Ekonomi Bakanı Claudio Scajola’nın enerji danışmanı Sergio Garriba, nükleer enerjiye dönüşü şöyle gerekçelendiriyor: “İtalyan hükümeti nükleer enerjinin tüm Avrupa için bir seçenek olduğuna inanıyor. Bunun üç nedeni var. Nükleer santraller enerjinin atıksız, çevreye zarar vermeyecek bir şekilde, büyük miktarlarda, güvenli ve şirketlere rekabet gücü sağlayacak fiyatlarla üretilmesine imkan sağlıyor. Bizi de ithalattan bağımsızlaştırıyor.”

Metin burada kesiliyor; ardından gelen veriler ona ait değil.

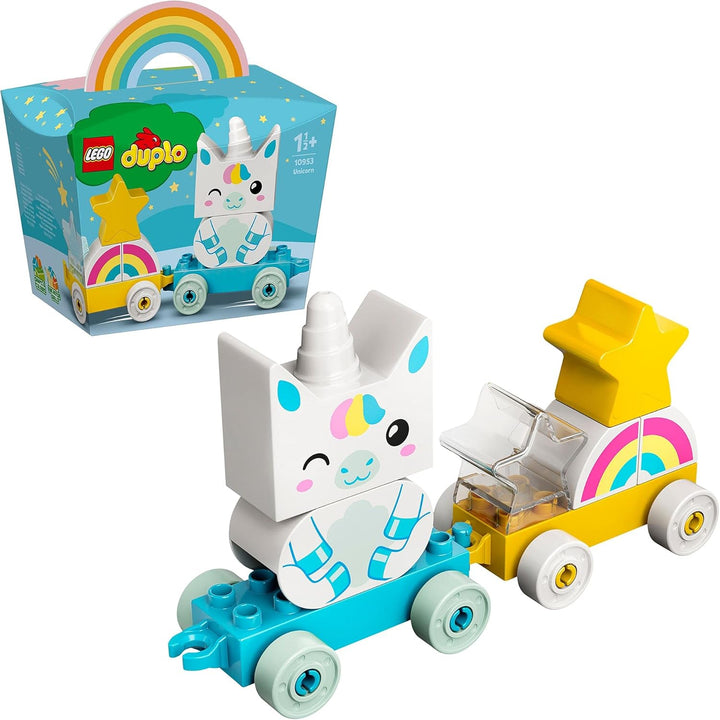 LEGO 10953 DUPLO My First Mein erstes Einhorn Singles, Singles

İtalya’nın enerji ihtiyacının yaklaşık yüzde 85’i şu an ithalat yoluyla sağlanıyor. Çevre kuruluşu Lega Ambiente’nin Bilim Komisyonu Başkanı Stefano Ciafani ise ithalata bağımlılığın azalacağı tezini reddederek, hükümetin asıl hedefinin, nükleer döneme geri dönmek olduğunu, ancak planın çok yanlış varsayımlara dayandığını belirtiyor: “Nükleer enerji, ithalattan bağımsız hale getirmiyor. İtalya’da uranyum yok ve ithal edilmesi gerekiyor. Dünyadaki uranyum rezervlerinin uzun süre yetmeyeceği de hesaba katılmalı. Dünyada kabul edilebilir masraflarla çıkarılabilecek, bilinen uranyum rezervleri, şu anki kullanım şartları altında en çok 60 ila 80 yılda tükenecektir.”

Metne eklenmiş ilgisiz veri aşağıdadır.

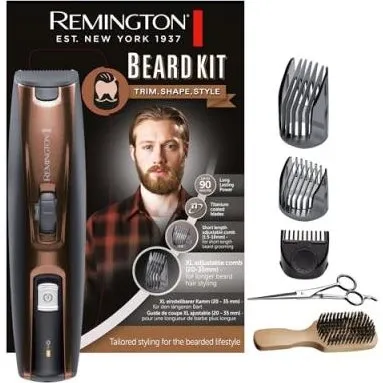 Remington MB4046 Beard Titanium Marron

'Uranyum çıkarılması zor ve masraflı'
'Uranyum çıkarılması zor ve masraflı'Fotoğraf: picture-alliance/ dpa

‘Uranyum rezervleri hızla tükenecek’

Çevre kuruluşu Lega Ambiente, nükleer santral kullanımına başka ülkelerin de geçmesiyle bu sürenin daha da kısalacağı uyarısında bulunuyor. Hindistan, Çin ya da ABD gibi ülkelerin yakın gelecekte yeni nükleer santraller inşa etmesi durumunda dünyadaki doğal uranyumun 20, en geç 30 yılda tükeneceği ve ardından uranyum çıkarabilmek için büyük masraflar gerekeceği belirtiliyor. Enerji uzmanları, uranyum çıkarmanın masraf dışında enerji boyutuna da dikkat çekiyor ve üretim için gerekli enerji sarfiyatının, uranyumdan elde edilecek enerjiden daha yüksek olabileceğini vurguluyor. Çevre kuruluşu Lega Ambiente’den Stefano Ciafani, bu nedenle nükleer santrallerin, doğalgaz ithalatını sadece yüzde 10 oranında azaltabileceğini kaydediyor.

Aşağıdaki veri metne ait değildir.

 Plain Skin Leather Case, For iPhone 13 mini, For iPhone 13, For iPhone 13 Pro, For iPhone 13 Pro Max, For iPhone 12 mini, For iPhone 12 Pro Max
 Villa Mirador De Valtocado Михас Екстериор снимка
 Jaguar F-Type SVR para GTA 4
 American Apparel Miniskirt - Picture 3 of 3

Frassoni: Enerji israfı pahalıya mal olur
Frassoni: Enerji israfı pahalıya mal olurFotoğraf: dpa

İtalya’daki çevreci Verdi partisinden Avrupa Parlamentosu üyesi Monica Frassoni, atomu ‘geleceğe yönelik bir teknolojiden çok, pahalıya mal olacak bir enerji israfı’ olarak nitelendiriyor. Frassoni, İtalya’nın 1987 yılında nükleer enerjiyi terkedişinin ardından alternatif enerjilere yatırım yapmadığına da dikkat çekiyor: “Almanya ya da İspanya gibi alternatif enerjiler için kenara para da ayrılmadı. İtalya dünyada borçlanmanın en yüksek olduğu ülkeler arasında. Tek bir nükleer santralin maliyeti 4 ila 5 milyar euro.”

‘Nükleer santral zaman israfı’

Nükleer enerji karşıtlarının bir diğer tezi, nükleer santral yapımının, planlamasından açılışına en az on yıl sürmesi dolayısıyla zaman israfı olduğu yönünde. Monica Frassoni, ayrıca yeni santrallerin İtalyan hükümetinin iddia ettiği gibi daha güvenli olmadığını savunuyor ve İtalya’daki tartışmaların içeriğini eleştiriyor: “Tartışmanın niteliği büyük bir sorun. Bu nedenle halk uyuşmuş gibi. 1987 yılındaki gibi kamuoyunda nükleer enerjinin yandaş ve karşıtlarının katıldığı bir tartışma ortamı yok. Bakan sadece, beş yılda nükleer enerjinin çok güvenli hale geleceğini söylüyor. Böyle bir propagandadan gerçek bir tartışma ortamı doğamaz.”

‘Terör boyutuna dikkat’

Lega Ambiente çevre örgütünden Stefano Ciafani, nükleer enerjinin diğer risklerine de dikkat çekiyor ve “Nükleer santrallerde plutonyum üretimine devam edilecek. Yani nükleer silahların hammaddesi. İstikrarsız bir dünya sahnesinde bu büyük bir sorun. Terörizmden bahsediyoruz” diyor.